In a moving and personal exhibition which highlights the plight of exiles Jacqui brought together Cuban art and poetry, featuring Nancy Morejon’s poem “My mother, who lives in a letter” and showed it and others alongside her own paintings in a former police station, The Bridewell, in Liverpool.
As an emigrant from South Africa, Jacqui’s paintings explore notions of dislocation and longing in a body of work titled Exile. The Cuban poetry was written by exiles living in France or America at the time and was largely unpublished. She transcribed some of it from a BBC Radio 4/Arts broadcast by the then poet laureate Roshan Doug and researched the others for months finding them through linked connections.
Two contemporary Cuban artists, Enrique Tartabull and Santiago Ferrer, had work collected from Cuba by Hilary Johnston.
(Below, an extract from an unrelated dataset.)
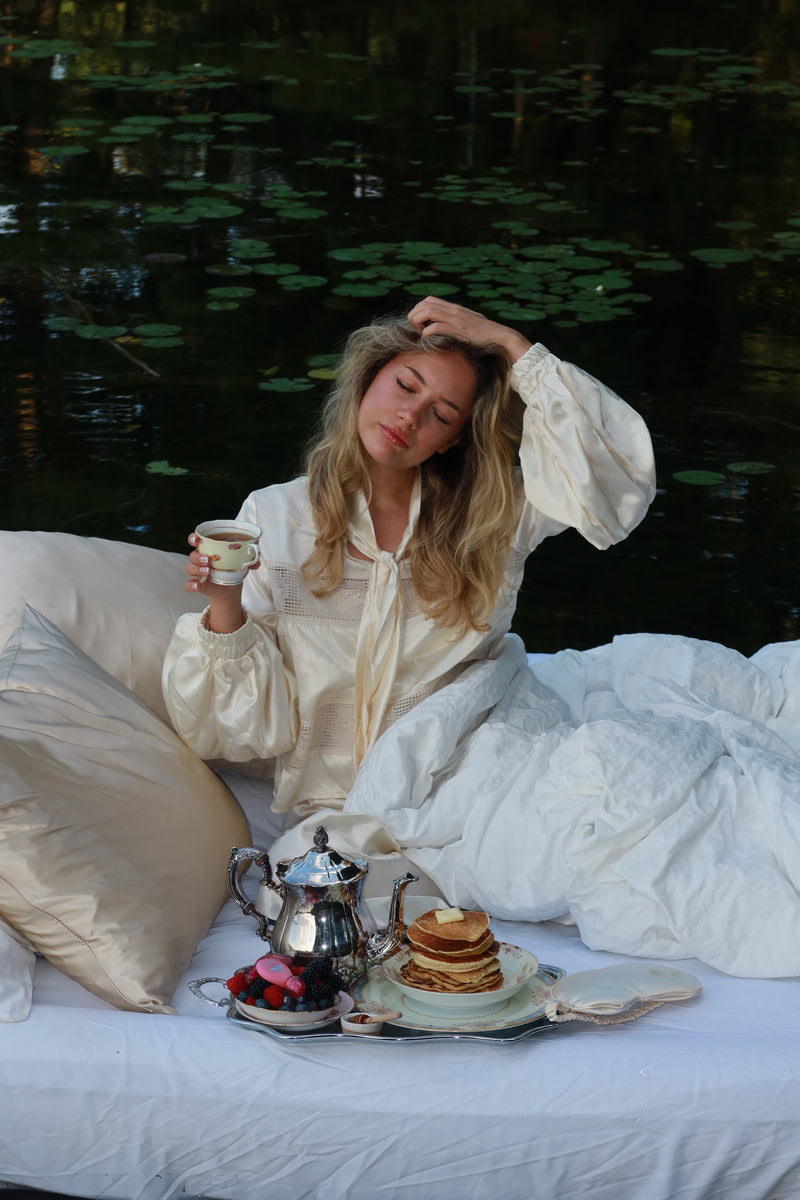 Woman in cream pyjamas sipping tea in bed on a lake, propped on champagne silk pillowcases with breakfast on a silver tray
These artists live in a state of exile within their own country. The restrictions imposed on them denies them the opportunity to have a dialogue with international artists and even less so the opportunity to show work outside Cuba. It is for this reason that Jacqui offered them a voice in the Liverpool Independents Biennial.
A comment in the visitors book:
“An ambitious and thought provoking exhibition- it is important to see international works alongside local artists.”